# New Tank!



## amazonjungle (Jun 6, 2011)

hey everyone,

I finally put my reds into their new 60 gallon tank. 
check out my pics. I have a sponge filter/bubbler, bubble wall, fluvalm200 heater, aquaclear 110 filter on the left, tetra power filter on the right, lots of live plants, cool structure, coarse sand, rocks scattered, and the 5 young pygos of course.

my babies are timid at the moment and lay in the weeds. they only really come out to explore and eat when being fed.

let me know what you think!!


----------



## Smoke (Sep 8, 2010)

Looking nice! Good use of the shelves


----------



## Mr. Hannibal (Feb 21, 2003)

Nice, sure they will enjoy their new tank!







... now you already know what i think about filtration...


----------



## amazonjungle (Jun 6, 2011)

thanks!

my blood and sweat went into this tank...

at least the pygos will enjoy that since they're carnivores after all;P


----------



## MFNRyan (Mar 27, 2011)

What's the exact sand you have? Looks pretty nice. had a massive fail with the sand attempt tonight. That's ok though part of it. Also I know it could be tough because your tank is planted. But to help your red's come around try to leave the light off as much as you possibly can and slowly start leaving it on longer and longer. This is what worked best for me with all my fish both pygo and serra


----------



## amazonjungle (Jun 6, 2011)

RedBelly11 said:


> What's the exact sand you have? Looks pretty nice. had a massive fail with the sand attempt tonight. That's ok though part of it. Also I know it could be tough because your tank is planted. But to help your red's come around try to leave the light off as much as you possibly can and slowly start leaving it on longer and longer. This is what worked best for me with all my fish both pygo and serra


its like coarse sand. I bought it from a dude with the tank.

sorry to hear about your fail lol.

are you talking about them being timid? I could try one light on and one off or something


----------



## MFNRyan (Mar 27, 2011)

Eh it happens, I posted on it in the sand post so no one else goes through the crap I did. All Purpose sand from quikeret is not the way to go LOL. Yeah the light off helps calm them and once they are calm they will come around. Also don't feed them for awhile, as low light as possible they will get use to their tank and start looking for food. Then introduce more light until finally they won't care at all. It worked on mine I think you will be good with it too!


----------



## amazonjungle (Jun 6, 2011)

RedBelly11 said:


> Eh it happens, I posted on it in the sand post so no one else goes through the crap I did. All Purpose sand from quikeret is not the way to go LOL. Yeah the light off helps calm them and once they are calm they will come around. Also don't feed them for awhile, as low light as possible they will get use to their tank and start looking for food. Then introduce more light until finally they won't care at all.
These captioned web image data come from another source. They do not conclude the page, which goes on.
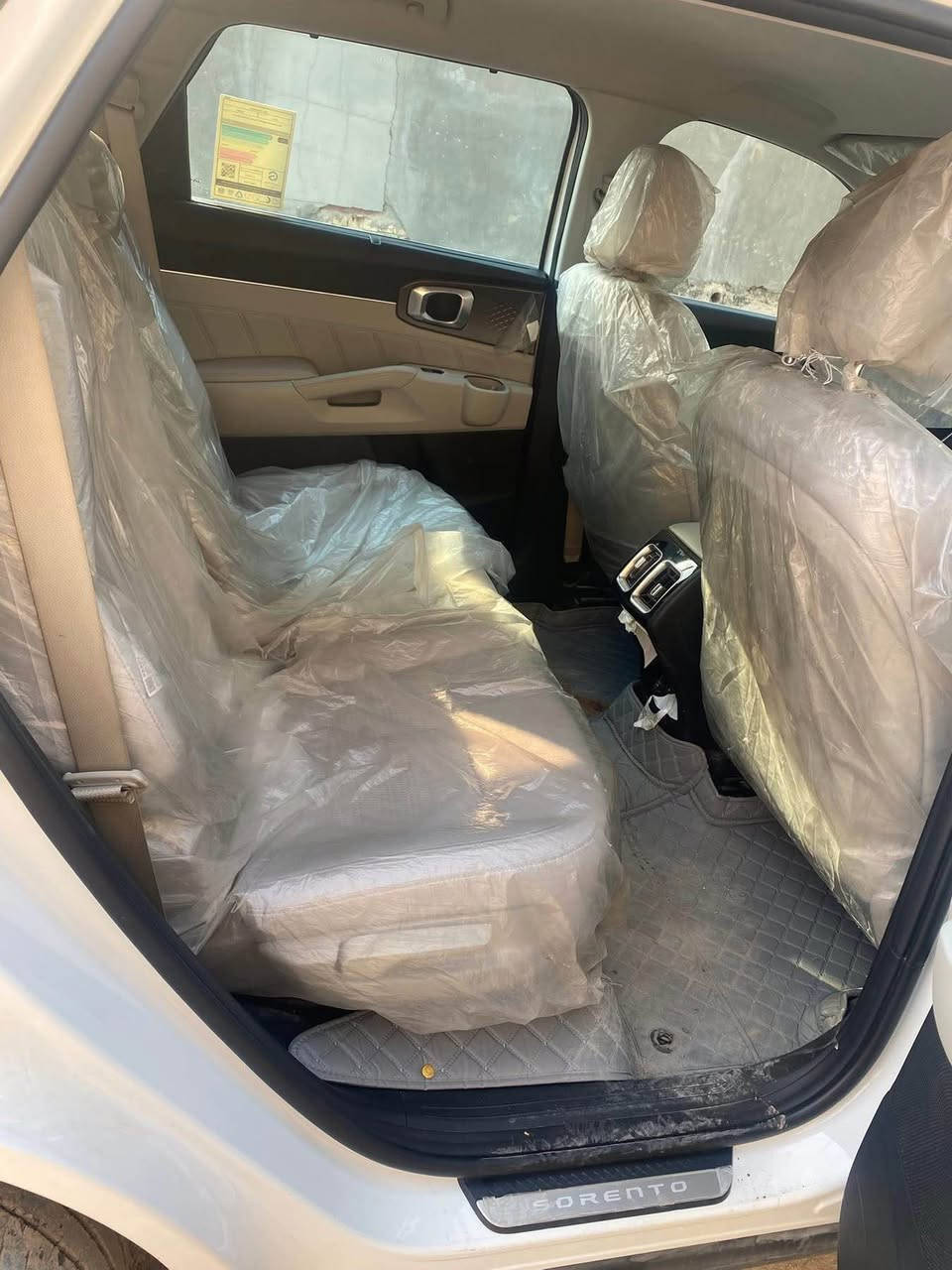 سورنتو ٢٠٢٤ خليجي مجموعه الدوليه 

ماشيه ٤٠ كيلو 

مواصفات 

قماره حديد 

دواخل مخمل 

كراسي كهربائي 

رادار 

٦ سلندر 

٧ راكب 

تشغيل عن بعد 

جنطه كهرباء 

ويل كروم ١٩ 

بيها دخه خفيفه كما موضح بالصور 

تبريد لمس 

رقم بابل 
السعر 280 وبيها مجال
مكفوله 

رقمي *********** حلة, بابل
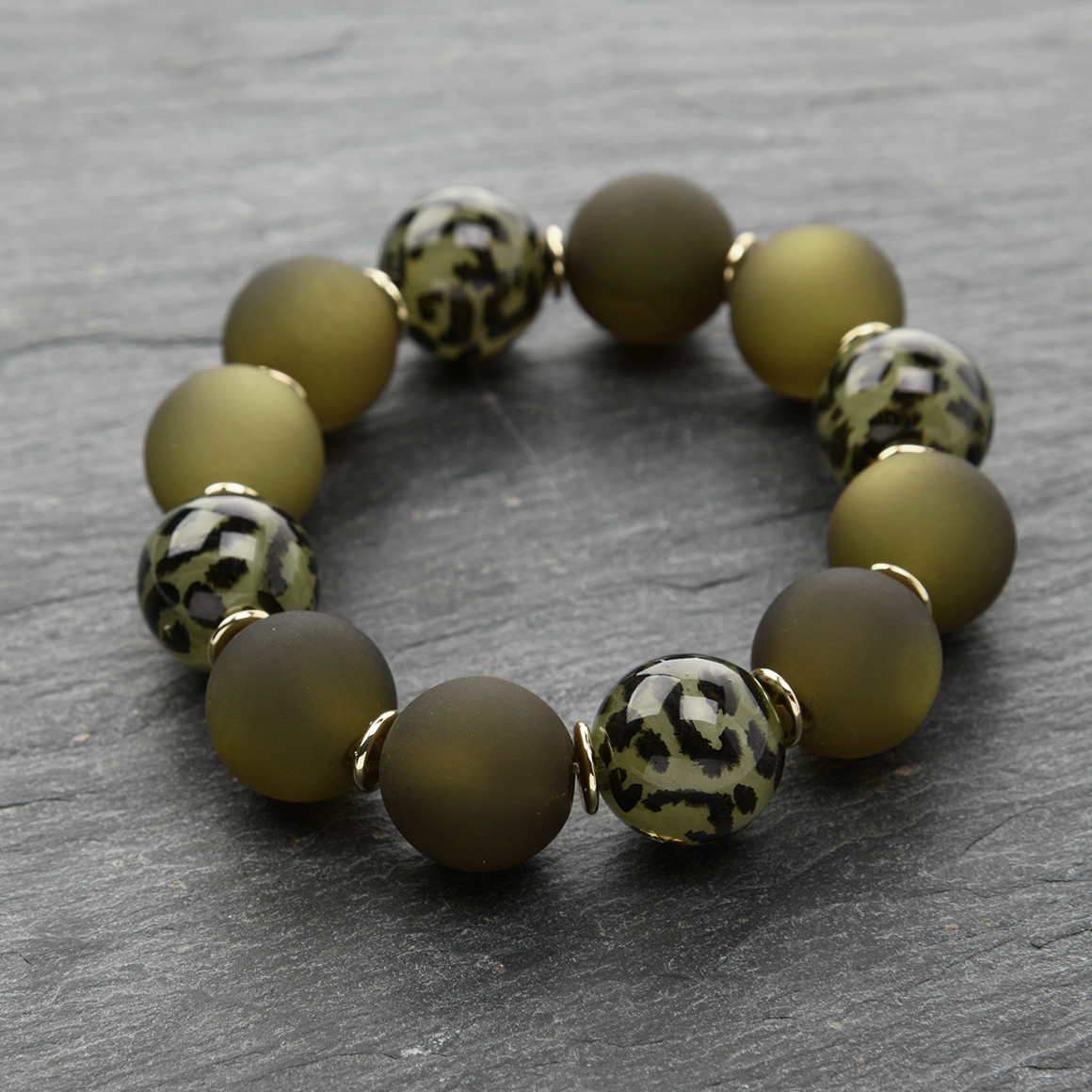 Damen Armband mit großen Perlen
It worked on mine I think you will be good with it too!


ill do that tomorrow. and feed less. ill do a water change too. i left a bunch of blood worms on the floor of the tank tonight.

I have a question.

when you do water changes do you use the aquasafe for the full dosage of the tank? 60 gal? or do you only put in the amount of gallons of TAP water you put in?


----------



## Mr. Hannibal (Feb 21, 2003)

amazonjungle said:


> Eh it happens, I posted on it in the sand post so no one else goes through the crap I did. All Purpose sand from quikeret is not the way to go LOL. Yeah the light off helps calm them and once they are calm they will come around. Also don't feed them for awhile, as low light as possible they will get use to their tank and start looking for food. Then introduce more light until finally they won't care at all. It worked on mine I think you will be good with it too!
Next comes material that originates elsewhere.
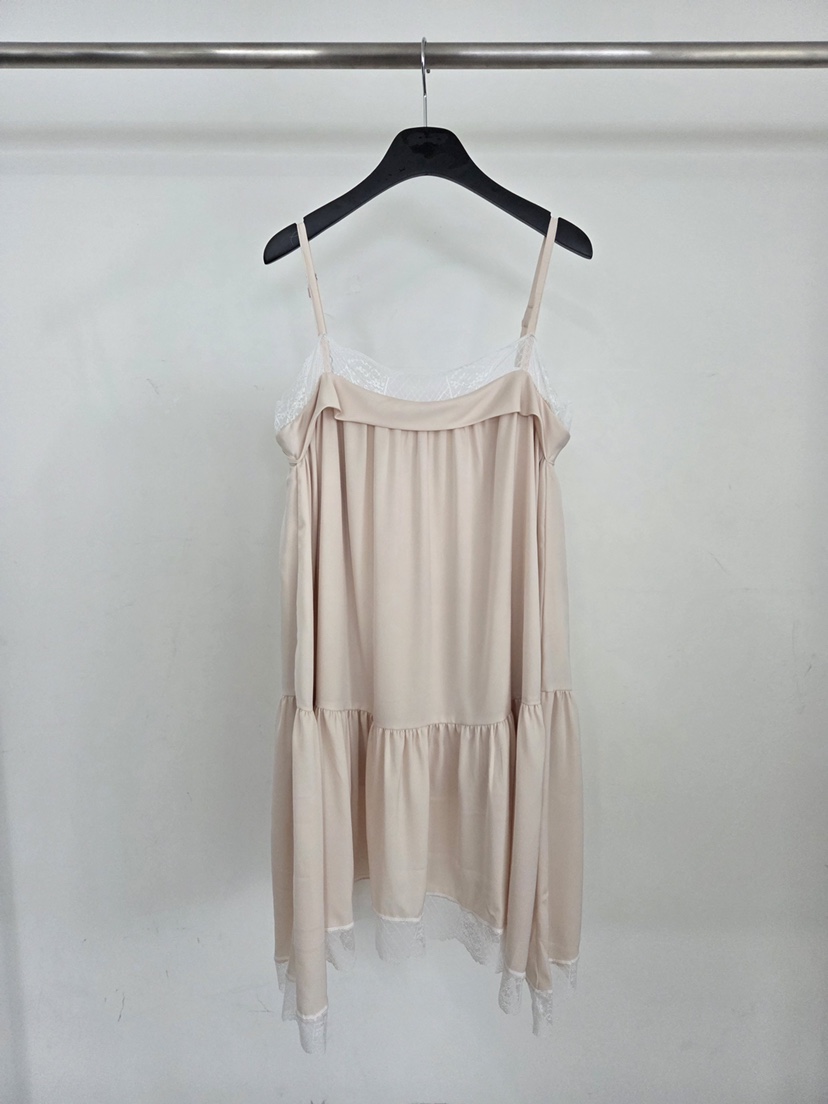 VERANDA韓國代購女士新品26春夏時尚推薦真品連衣裙蕾絲褶皺VERANDA連衣裙圖色1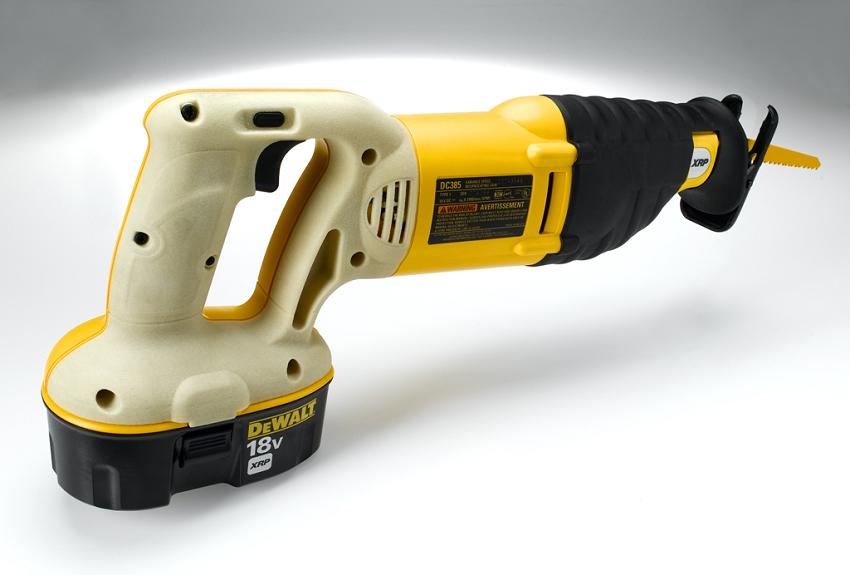 CreativeTools.se - ZPrinter - 3D printed Dewalt Saw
ill do that tomorrow. and feed less. ill do a water change too. i left a bunch of blood worms on the floor of the tank tonight.

I have a question.

*when you do water changes do you use the aquasafe for the full dosage of the tank? 60 gal? or do you only put in the amount of gallons of TAP water you put in?*
[/quote]

Just the amount needed for the water your are adding...


----------



## MFNRyan (Mar 27, 2011)

When I do water changes I treat just the water in the bucket. That way the chlorine never enters the tank, to answer your question though no you don't have to do the entire tank. Since I change my 125g with the hose from the sink I always treat just a little more then I think I have removed. I treat the water first then add the new water. However you choose is up to you though.
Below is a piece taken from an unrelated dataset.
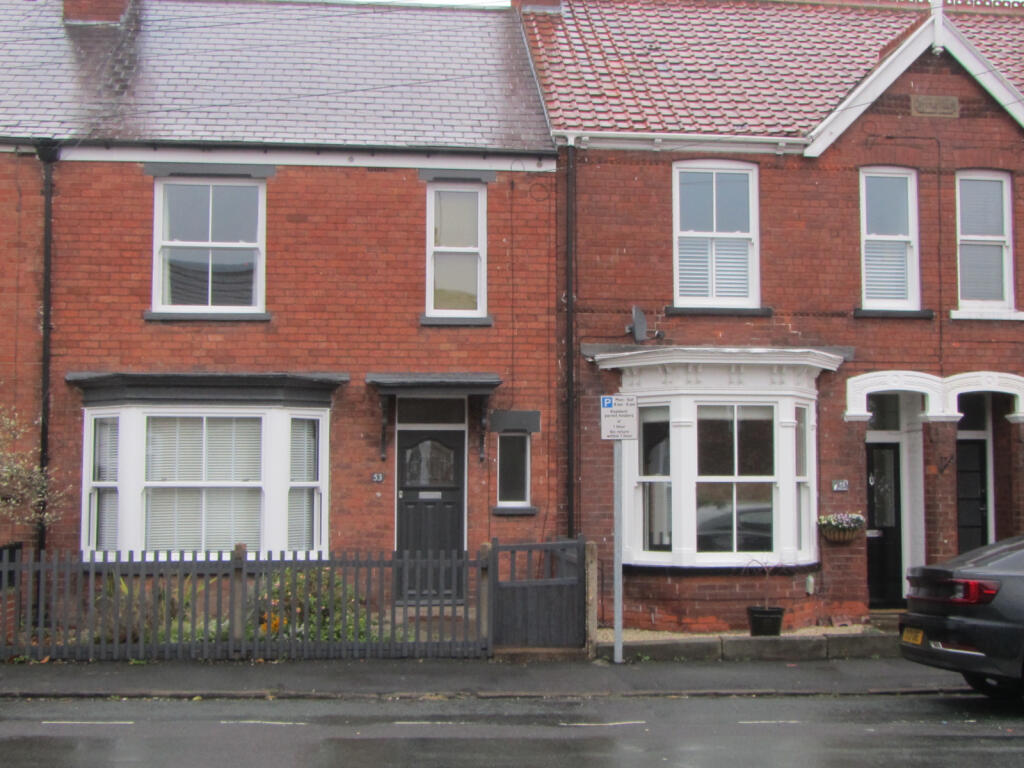 3 bed Mid Terraced House for rent in Beverley. From Dee Atkinson & Harrison - Driffield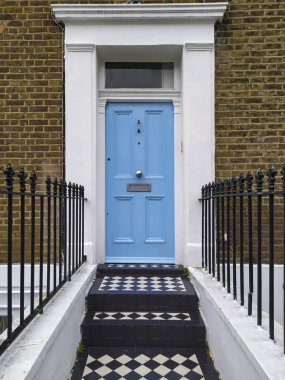Londra 'nın boş kapısında açık mavi bir kapı.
Also since they are babies don't cut their food back to much. Just a touch. So they start to look for it and don't keep doing it to long. Maybe a week. Then regular then maybe try one more time for a few days. The lights are the best thing you can do but that's hard with plants. Either way eventually they will come around. Just may take longer doing some ways then other. Good luck though an the tank looks nice! I would look into getting those fluval bio cubes. When you do a water change rinse the new cubes real good in the tank water drained then add them to your filter. They work the best, I promise you that


----------



## amazonjungle (Jun 6, 2011)

RedBelly11 said:


> When I do water changes I treat just the water in the bucket. That way the chlorine never enters the tank, to answer your question though no you don't have to do the entire tank. Since I change my 125g with the hose from the sink I always treat just a little more then I think I have removed. I treat the water first then add the new water. However you choose is up to you though.
> 
> Also since they are babies don't cut their food back to much. Just a touch. So they start to look for it and don't keep doing it to long. Maybe a week. Then regular then maybe try one more time for a few days. The lights are the best thing you can do but that's hard with plants. Either way eventually they will come around. Just may take longer doing some ways then other. Good luck though an the tank looks nice! I would look into getting those fluval bio cubes. When you do a water change rinse the new cubes real good in the tank water drained then add them to your filter. They work the best, I promise you that


ill see if they have them at petsmart!

and thanks!..... took a LONG time before I started getting APPROVAL from all you dudes.

LOL!

It's good to know im doing something right.

I should invest in a powerhead though.


----------



## MFNRyan (Mar 27, 2011)

It's not that no one approves anything. Just when your new it's easy to undershoot your tank setup. An everyone on here will give you an honest answer to what the fish need. They are very particular fish lol. I went through the same thing though. If you listen to the older guys tour fish will thrive an look, act, an eat awesome. Especially Hannibal and Frank. Those guys are good an give the best advice for the fish period lol.


----------



## amazonjungle (Jun 6, 2011)

RedBelly11 said:


> It's not that no one approves anything. Just when your new it's easy to undershoot your tank setup. An everyone on here will give you an honest answer to what the fish need. They are very particular fish lol. I went through the same thing though. If you listen to the older guys tour fish will thrive an look, act, an eat awesome. Especially Hannibal and Frank. Those guys are good an give the best advice for the fish period lol.


lol ya!

oh. congratulate hannibal on ten THOUSAND posts


----------



## Red Sox Fanatic (Jun 13, 2011)

I really like the look of your tank!!!


----------



## MFNRyan (Mar 27, 2011)

were you able to find those bio cubes?


----------



## amazonjungle (Jun 6, 2011)

RedBelly11 said:


> were you able to find those bio cubes?


oh crap I forgot. I was in petsmart today.

ill grtab them next time


----------